The essays collected in Tocqueville’s Voyages trace the political thought of the author of Democracy in America and probe whether Alexis de Tocqueville’s ideas have meaning to societies beyond the United States of the mid-19th century. Drawing heavily on the impressive two-volume, bilingual Liberty Fund edition of this seminal work (which includes Tocqueville’s notes and earlier manuscripts), these essays are not only a valuable addition to Tocqueville scholarship but help to explain the trajectory of politics in our democratic age.

Tocqueville meant for his work to be a possession for all time.
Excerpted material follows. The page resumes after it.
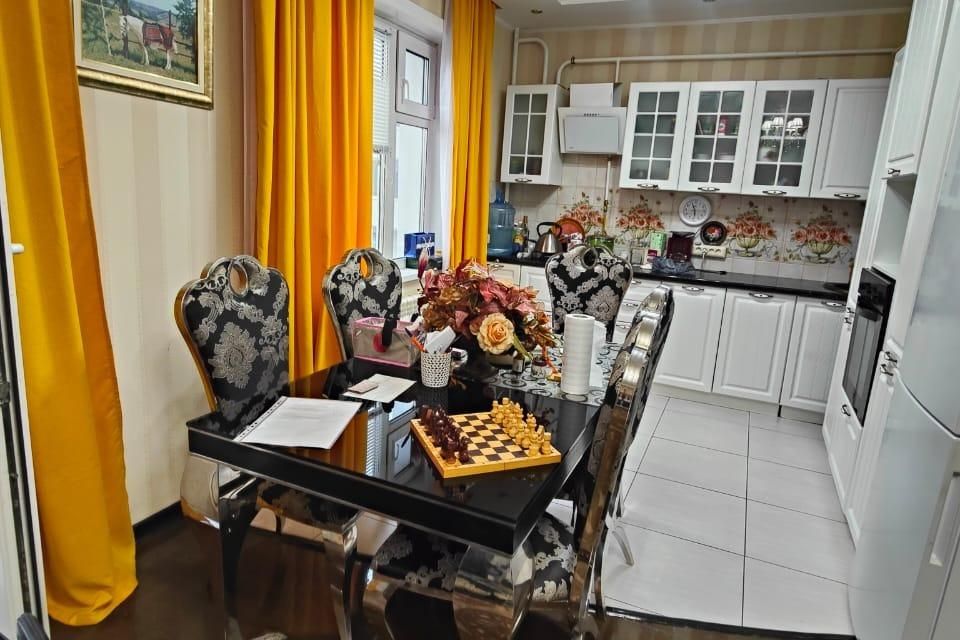 Продаётся 2-комнатная квартира, 67 м²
Contributors to this volume treat his project with corresponding care, perhaps out of a similar sense of urgency that democratic peoples have before them the contending prospects of soft despotism or the preservation of human liberty.
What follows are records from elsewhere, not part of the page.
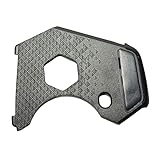 Geavonyg Batterieabdeckung Mit Einstellbarem Gewicht Für Die G502-Funkmaus. Präzisionssteuerung...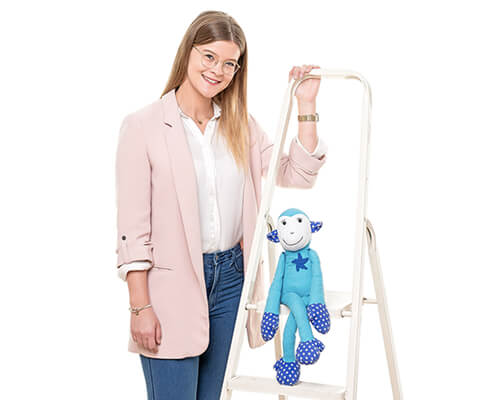 Musikalische Früherziehung mit Florence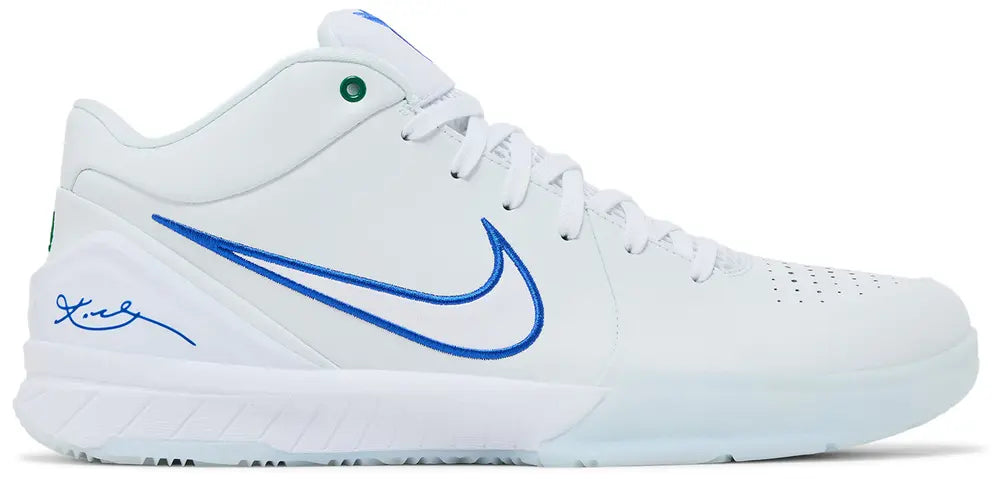 Nike Kobe 4 Protro 'Draft Day Pack - Dallas Mavericks'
Modern democracies are said to suffer from an inequality problem—we hear this from commentators like Thomas Piketty, from street protesters, and even from the Oval Office in Washington. The passionate questioning of whether the promise of democracy has been fulfilled is reminiscent of a revolutionary sentiment that spread through the Western world in the mid-19th century. Tocqueville, an aristocrat elected to the French Constituent Assembly in 1848, knew this revolutionary sentiment well. Nearly a decade after visiting the United States and writing his famous study, he offered a critique of socialism in a speech to his fellow deputies.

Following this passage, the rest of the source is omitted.